Hint: First of all, draw the diagram and assume given points as A,B and C .Through point A draw a perpendicular line to BC and through point C draw a perpendicular line to AB.Find the slope of AD and EC with help of slope of lines AB and BC.After finding the slopes write an equations for lines AD and EC , intersection of these lines AD and EC at point we get required Orthocentre of triangle.

Complete step-by-step answer:
Let us assume the given points such that
$A( - 5, - 2)$ , $B(1,0)$ and $C(2, - 4)$

Now we know that the slope
${m_{}} = \dfrac{{{y_2} - {y_1}}}{{{x_2} - {x_1}}}$
Therefore, the slope of $AB$ is
$\;{m_{AB}} = \dfrac{{0 - ( - 2)}}{{1 - ( - 5)}} = \dfrac{1}{3}$ … (1)
Now, draw $CE$ perpendicular to $AB$
And we know that the product of slopes of perpendicular lines is $- 1$
$\therefore {m_{AB}}{m_{CE}} = - 1$
$\Rightarrow {m_{AB}} = \dfrac{{ - 1}}{{{m_{CE}}}}$
Now using the equation (1), we get
$\Rightarrow \dfrac{{ - 1}}{{{m_{CE}}}}{\text{ }} = {\text{ }}\dfrac{1}{3}$
$\dfrac{1}{3}{m_{CE}} = - 1$
$\Rightarrow {m_{CE}} = - 3$
Now, the equation of line can be given as
$y - {y_1} = m(x - {x_1})$
Therefore, the equation of $CE$ can be given as
$y + 4 = - 3(x - 2)$
$y + 4 = - 3x + 6$
$y + 3x = 6 - 4$
$y + 3x = 2$ … (2)
Now we know that the slope
${m_{}} = \dfrac{{{y_2} - {y_1}}}{{{x_2} - {x_1}}}$
Therefore, the slope of $BC$ is given as
$\; \Rightarrow {m_{BC}} = \dfrac{{ - 4 - 0}}{{2 - 1}} = - 4$ … (3)
Now draw $AD$ perpendicular to $BC$
${m_{BC}}{m_{AD}} = - 1$
$\; \Rightarrow {m_{BC}} = \dfrac{{ - 1}}{{{m_{AD}}}}$
Now, putting this value in equation (3)
$\; \Rightarrow \dfrac{{ - 1}}{{{m_{AD}}}} = - 4\;$
$- 4{m_{AD}} = - 1$
${m_{AD}} = \dfrac{1}{4}$
Now, the equation of $AD$ can be given as
$y + 2 = \dfrac{1}{4}(x + 5)$
$4y + 8 = x + 5$
$x - 4y = 3$ … (4)
The orthocentre is the point of intersection of perpendicular from opposite vertices.
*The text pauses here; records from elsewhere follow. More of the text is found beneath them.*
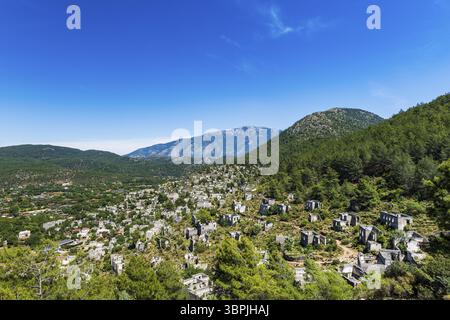 Kayakoy, un villaggio greco abbandonato, vicino a Fethiye, in Turchia. Vista aerea dello storico villaggio greco abbandonato a causa dello scambio di popolazione Foto Stock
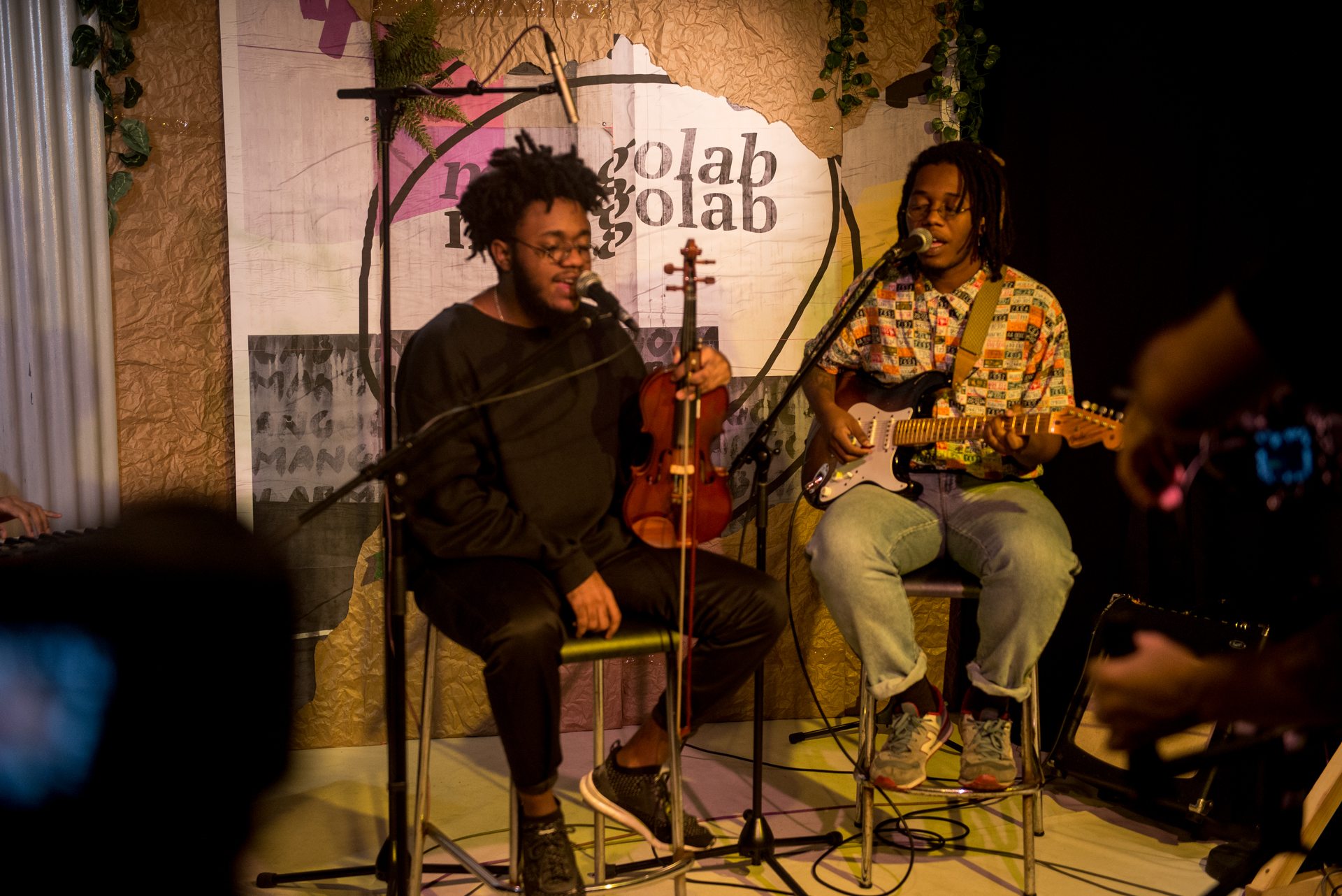 Duo que une jazz, soul e hip hop, Yoún lança sessões ao vivo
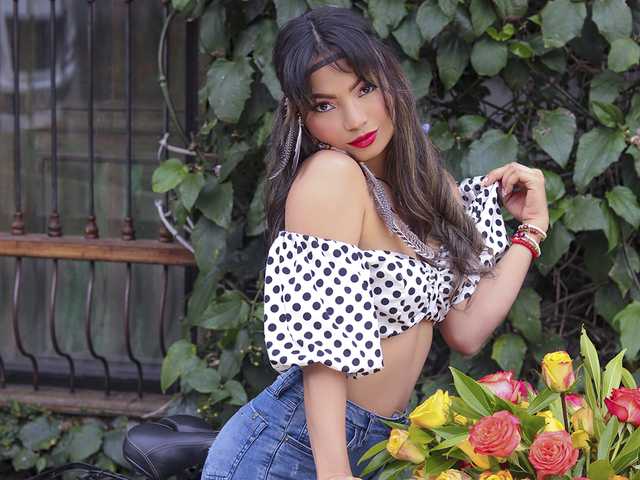 A profil fényképe CarolaSallow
So, it is the point of intersection of $AD$ and $CE$
Now solving equation (2) and (4),
$y + 3x = 2$ … (2)
$x - 4y = 3$ … (4)
Now, multiplying equation (2) by 4, we get
$4(y + 3x) = 4(2)$
$4y + 12x = 8$ …. (5)
Adding equation (4) and (5), we get
$x + 12x - 4y + 4y = 3 + 8$
$13x = 11$
$\therefore x = \dfrac{{11}}{{13}}$
Putting this value in equation (4), we get
$\dfrac{{11}}{{13}} - 4y = 3$
$- 4y = 3 - \dfrac{{11}}{{13}}$
$- 4y = \dfrac{{39 - 11}}{{13}}$
$y = \dfrac{{28}}{{13 \times ( - 4)}}$
$\therefore y = \dfrac{{ - 7}}{{13}}$
So, the orthocentre of the triangle is $\left( {\dfrac{{11}}{{13}},\dfrac{{ - 7}}{{13}}} \right)$ .

Note: To solve these types of questions, an adequate knowledge about the equations of line and slope is required. Using which, the required solution can be obtained.Students should remember the important formulas of finding the equation of line if two points are given and conditions of product of slopes if two lines are perpendicular.